I feel bad because I have been glaring at the tree murdering, manure unearthing workers who are just doing their job but I hate them and what they are doing to my wildlife kingdom. I haven’t seen any of the red-tailed hawks, I’ll bet Mr. Pickles is pissed and has skipped town with his family, which makes me very sad, gone are the foxes, the rabbits, the deer, the owls, etc. I DO NOT LIKE THIS CHANGE AT ALL!
But this change pales to the one that will hit my heart with such force, I only hope I can bear it . . .
My son will be going off to college and again I think, “Um with me being only 22, how is this possible? Again, did I stay blinking my eyes closed for 17 years?”
Change is inevitable because we live in a dynamic, alive, breathing, goal setting, and getting ahead world so change is going to happen and is necessary.
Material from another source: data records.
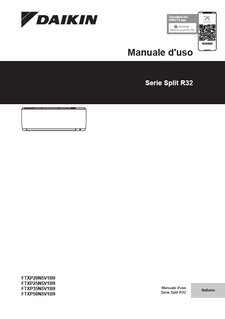 FTXP-N9_Operation manual_3PIT717028-5H_Italian download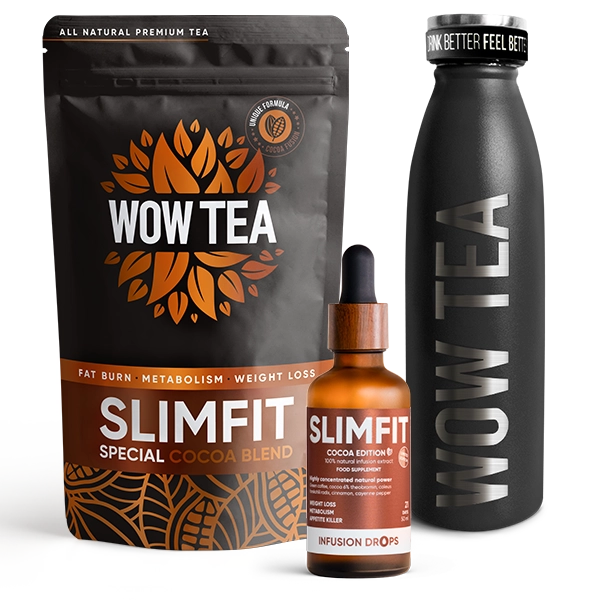 Cocoa Slimfit Infusion Set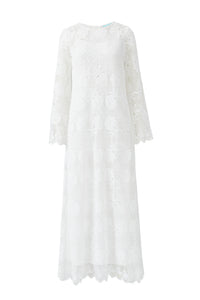 White Robe - White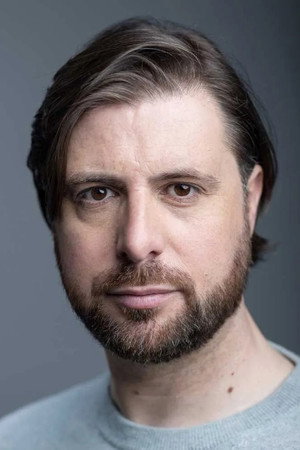 Carl Finnegan portrait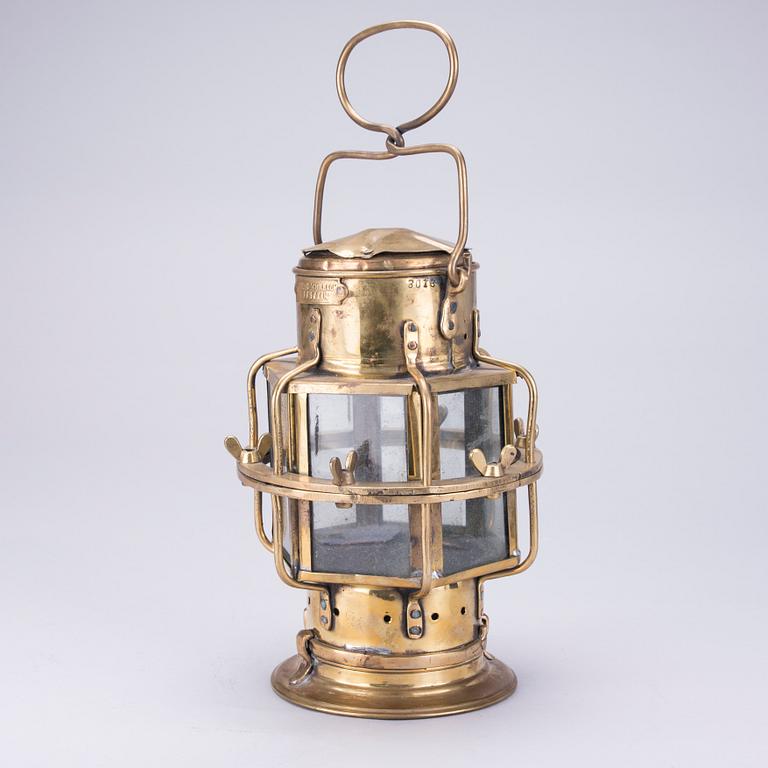 LAIVALYHTY, Franz Schilbach, Stettin, Saksa 1900-luku.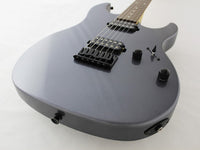 Fujigen BOS2Ghh/CC Guitarra Eléctrica Charcoal 4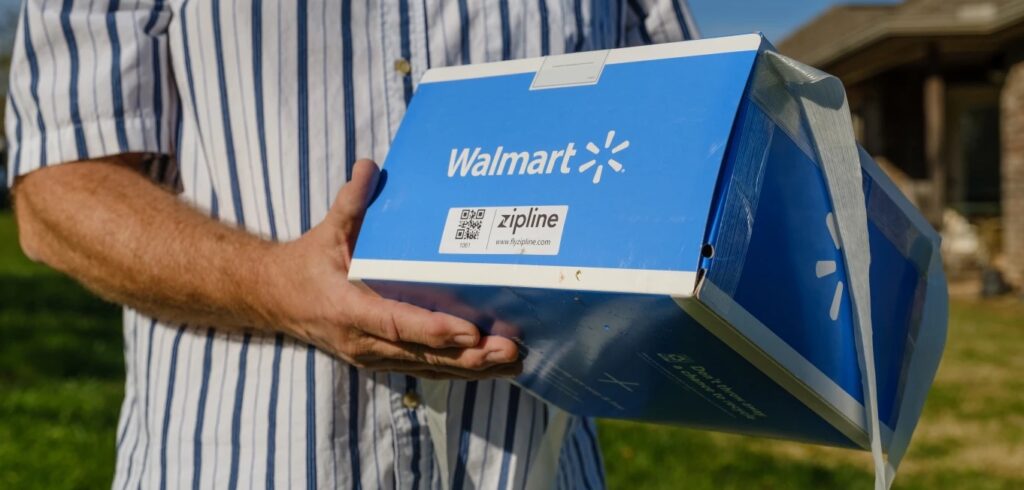 Autonomous aircraft delivery service to launch in Arkansas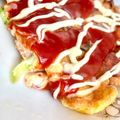 ひなたmama♪22's cooksnap of when they made おもちオムレツ.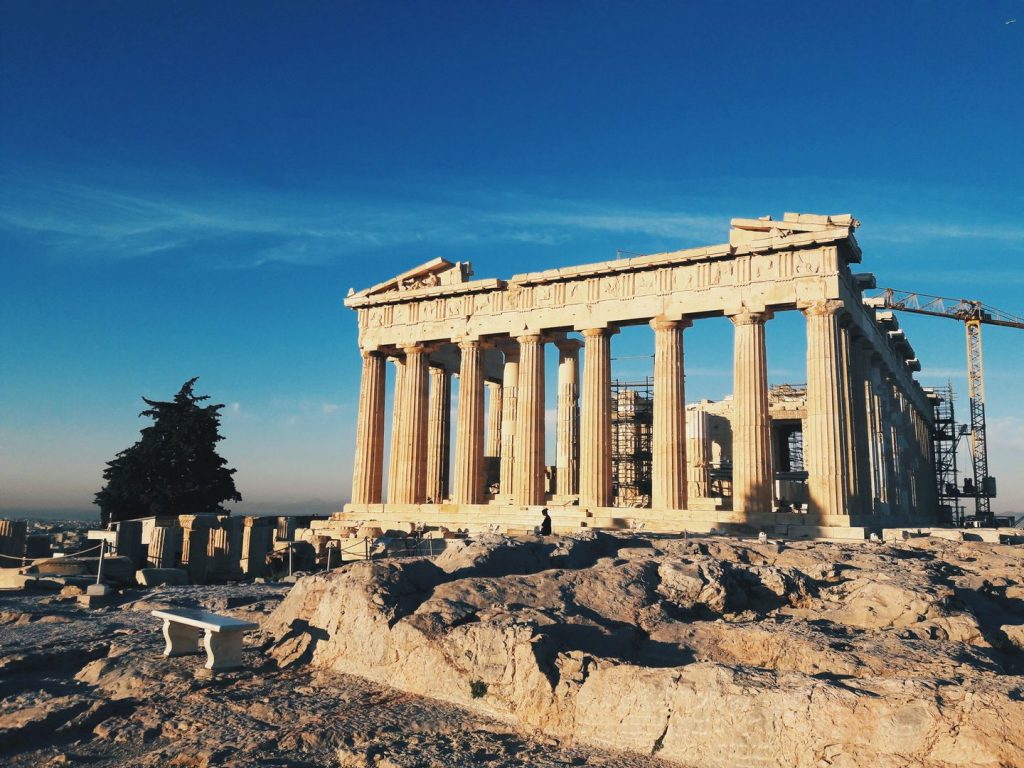 Экскурсионная Греция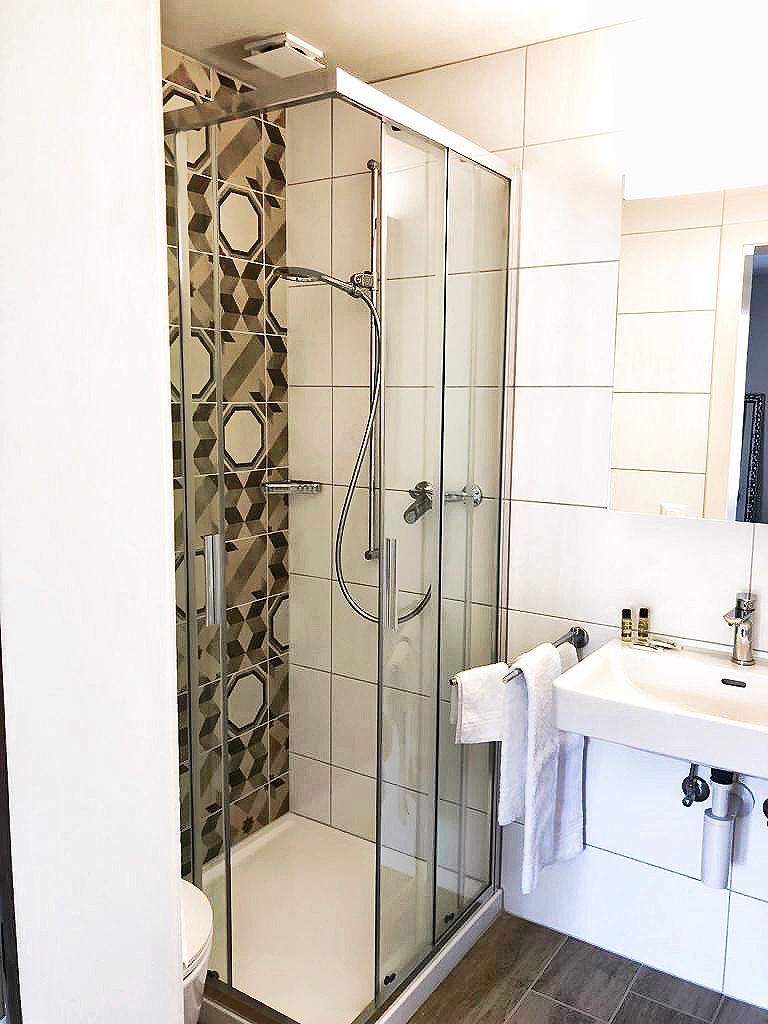 salle de bains moderne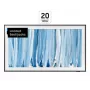 Samsung QE75LS03HWUXXH 75 collu 4K Neo QLED The Frame Pro Smart TV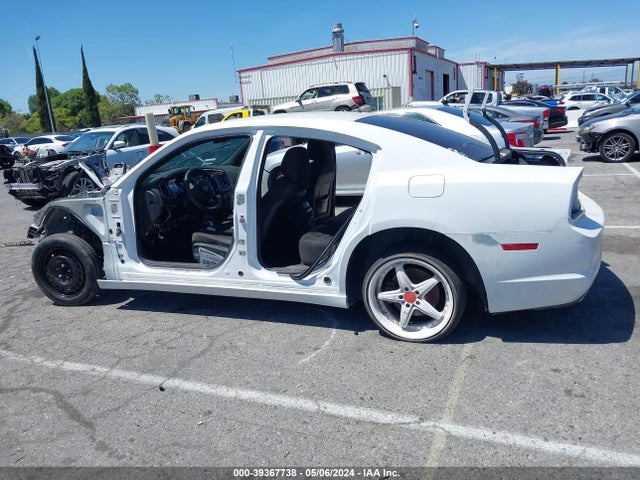 Dodge Charger Sxt 2014 2C3CDXHGXEH215050 Image 13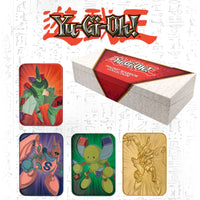 Yu-Gi-Oh! Ingot Set Magnet Warrior Limited Edition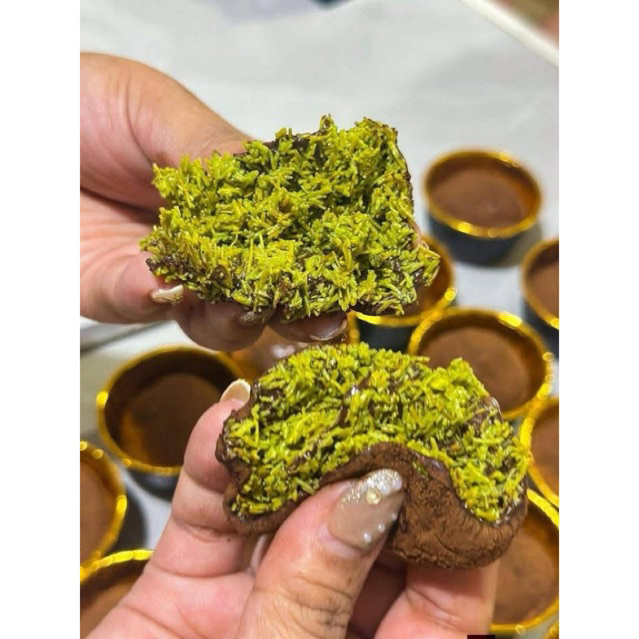 Dubai Chewy Cookie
My kids both know there will me no failure to launch, that is not an option. If that happens, then I have failed as a mother. I believe that with all my soul.
I know I’m not alone with all the upcoming changes. I read my friend’s posts on Facebook and there are many of us sending kids off to high school, college, getting married, having babies, dying, etc. I am also not alone with my neighbors as we watch the “massacre” out our windows each day. Oh, my heart for all the changes.
Change will happen, it will, but the best way to deal with change is to attempt to find the good in it, and no, not good in it for you necessarily, I mean the good for all. For example, although I am bracing myself for the launching of my son to college next year, I am eager to see how he does. Has all my hard work with him paid off? Will he make it through successfully? What kind of mechanical engineer will he be? What kind of husband? Will he make the same mistakes I did or did he learn from me? What will his kids be like? I’m excited to see these questions answered but sad all at once.
Embrace change for it is inevitable, y’all, it really is.